What the exercise asks
Word for word, set down the listing that appears after this line.

Data provided
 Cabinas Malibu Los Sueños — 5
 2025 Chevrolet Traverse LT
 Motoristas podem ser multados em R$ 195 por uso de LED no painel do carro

Answer box
 Cabinas Malibu Los Sueños — 5
 2025 Chevrolet Traverse LT
 Motoristas podem ser multados em R$ 195 por uso de LED no painel do carro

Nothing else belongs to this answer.